____ INFORMATION SHOWN

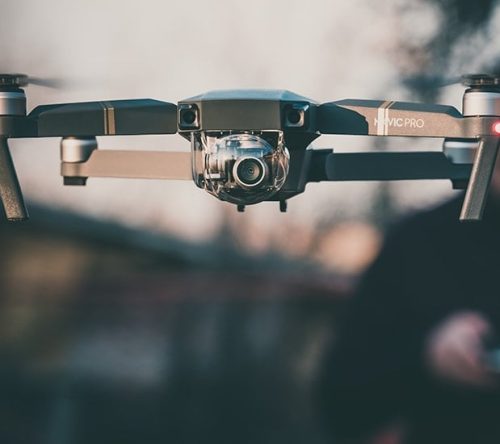 Fliegende Drohne mit Drohnenpilot im Hintergrund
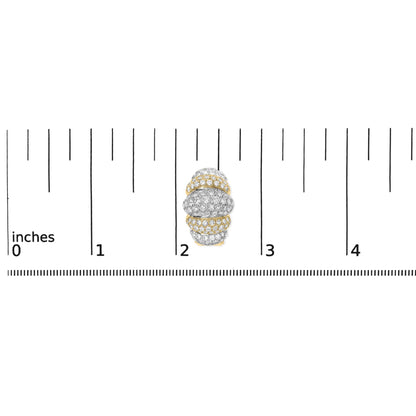 Close-up top view of a rounded earring with alternating yellow and white areas, pavé set with numerous small white gemstones, shown on a ruler for scale.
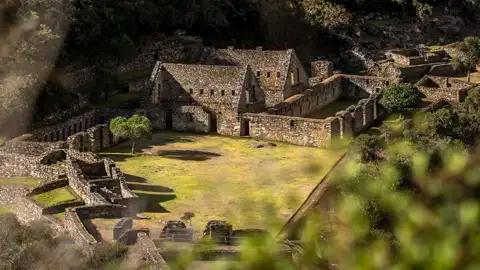 Überreste von Gebäuden und Mauern einer historischen Stätte, möglicherweise Teil einer archäologischen Ausgrabung.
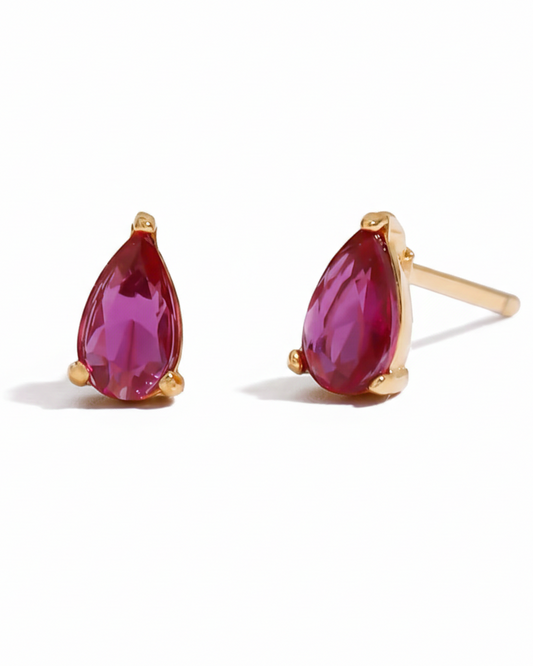 Aretes con cristal rosa tipo studs, color dorado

________

#### ASSIGNMENT
This task asks for the data above repeated exactly, without a single picture.

#### SOLUTION FOR THIS EXERCISE
 Fliegende Drohne mit Drohnenpilot im Hintergrund
 Close-up top view of a rounded earring with alternating yellow and white areas, pavé set with numerous small white gemstones, shown on a ruler for scale.
 Überreste von Gebäuden und Mauern einer historischen Stätte, möglicherweise Teil einer archäologischen Ausgrabung.
 Aretes con cristal rosa tipo studs, color dorado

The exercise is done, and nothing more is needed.